When he died his work was known to a few; it is only in the past fifteen years or so that Benjamin’s name has become well known, and that in limited circles. But they widen, and so do the claims made for him. He is referred to as a great critic, the greatest, perhaps, of his time.
Reviewers of this book, therefore, are likely to be oppressed by two considerations, first that they have taken on something exceptionally important, and secondly that they have taken on something unusually difficult. The first appearance in English of a writer who is the subject of such high claims amply justifies the first sentiment, and the idiosyncracy of his method as well as the complexity of his historical situation excuses the second. Hannah Arendt shows an almost Benjaminite boldness of metaphor in her attempts to characterize that idiosyncracy, but she seems more authoritative, because more intimately concerned, as the expositor of a tragic historical situation.
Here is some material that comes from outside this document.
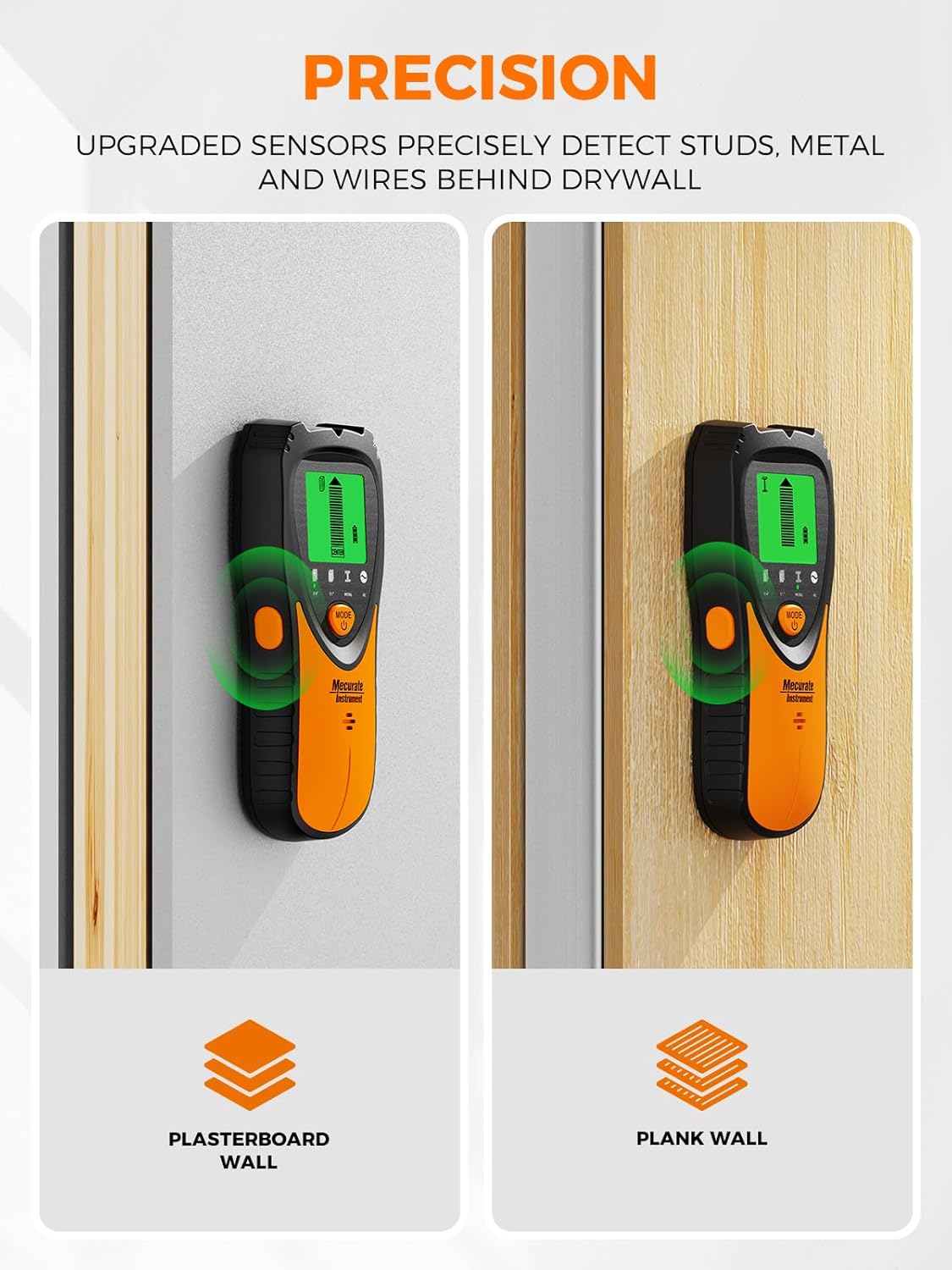 Mecurate Stud Finder - 5-in-1 Wall Scanner with LCD Display & Audio Alarm for Wood, Metal, AC Live Wires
Robert Alter in a brilliant Commentary review challenges her sharply on her reading of Benjamin’s political, social, and racial position, and the focusing of argument there seems to me, however sensitive the discussions of Benjamin’s criticism as such, to leave room for a commentator with different priorities—and no competence to dispute with the learned on such matters as German Marxism and Zionism between the wars—to try other ways of demonstrating its greatness. If it is as a critic that Benjamin counts—and he certainly thought so—it is arguable that his precise relation to Marxism or Zionism, the extent of the doctrinal deviations detected by his pupil Adorno, the question whether Brecht was good for him or not, are secondary issues.
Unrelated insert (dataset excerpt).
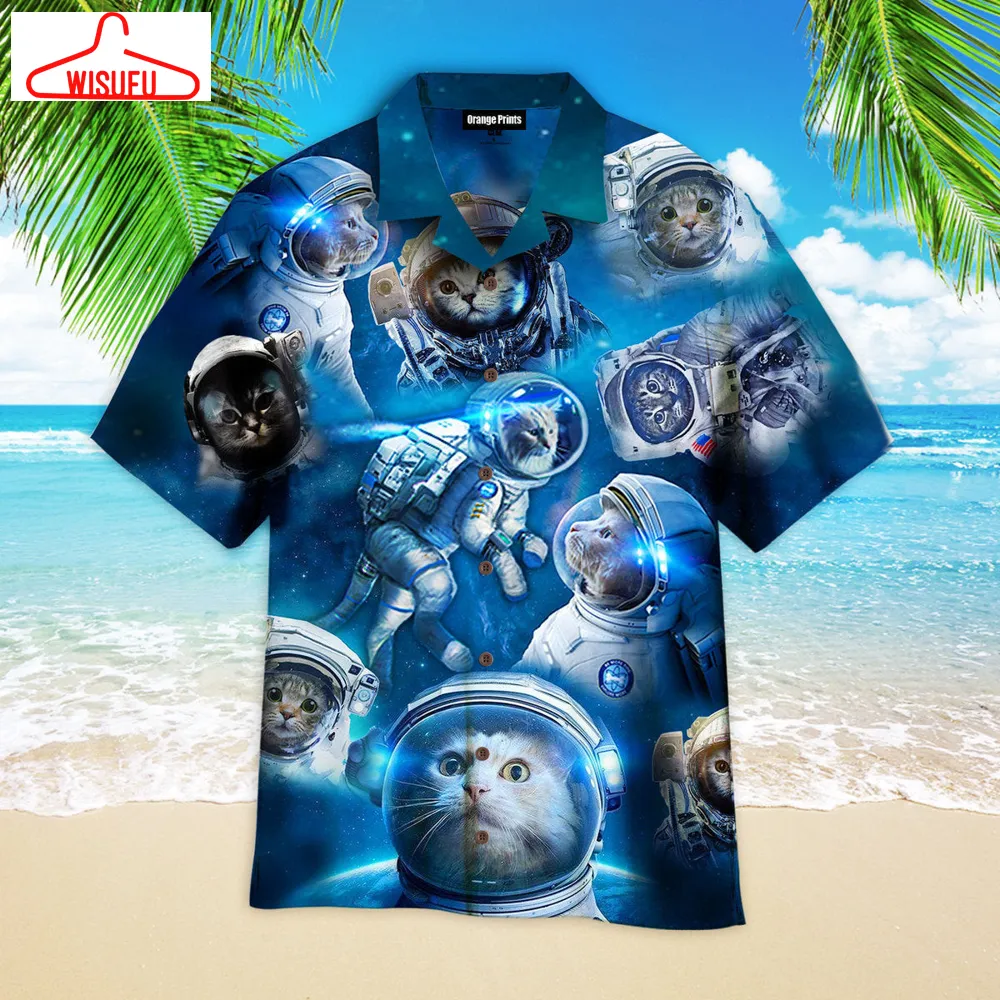 Cat Astronaut Hawaiian Shirt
The English reader has now a couple of hundred pages to go on. It is not much. The circumstances of Benjamin’s life and also his temperament were so strange, so unlucky, that even now, nearly thirty years after his suicide, much of his extant work has not achieved publication in German; presumably the material held in Frankfort by Adorno will now see the light. Of the works available in German Miss Arendt has, she assures us, given the most important, with two exceptions, these being essays on Goethe and Karl Kraus. One often feels, in reading her Introduction, that she is speaking of aspects of the writer not represented here; but there is for all that enough to be grateful for, and to give a fair idea of Benjamin’s stature.1
In trying to say what that is I intend, perhaps ungratefully, to avoid the front entrance, where Miss Arendt’s essay lies coiled at the gate, and slip in at the side. One might as well begin with literary criticism. There is a longish piece on Kafka. It starts off with a story about Potemkin, but this only sounds like a leisurely belletristic overture. Stories, as we shall see, are crucial to Benjamin. Soon he is discoursing intelligently about the ugly sexy women in Kafka, and about the beauty of the guilty. Good but not amazing, it sounds like capable commentary; but Benjamin distinguished between commentary and criticism, the latter being the higher activity and concerned, not with the communication to readers of information, here italicized as a word with special senses to be discussed later, but with, to be less vague than one sounds, the intuition of essences. Then, arising out of some remarks on Amerika, this passage occurs:
Kafka’s entire work constitutes a code of gestures which surely had no definite symbolic meaning for the author at the outset; rather, the author tried to derive such a meaning from them in everchanging contexts and experimental groupings…. The greater Kafka’s mastery became, the more frequently did he eschew adapting these gestures to common situations or explaining them…. Each gesture is an event—one might even say, a drama—in itself…. Like El Greco, Kafka tears open the sky behind each gesture; but as with El Greco…the gesture remains the decisive thing…. He divests the human gesture of its traditional supports and then has a subject for reflection without end.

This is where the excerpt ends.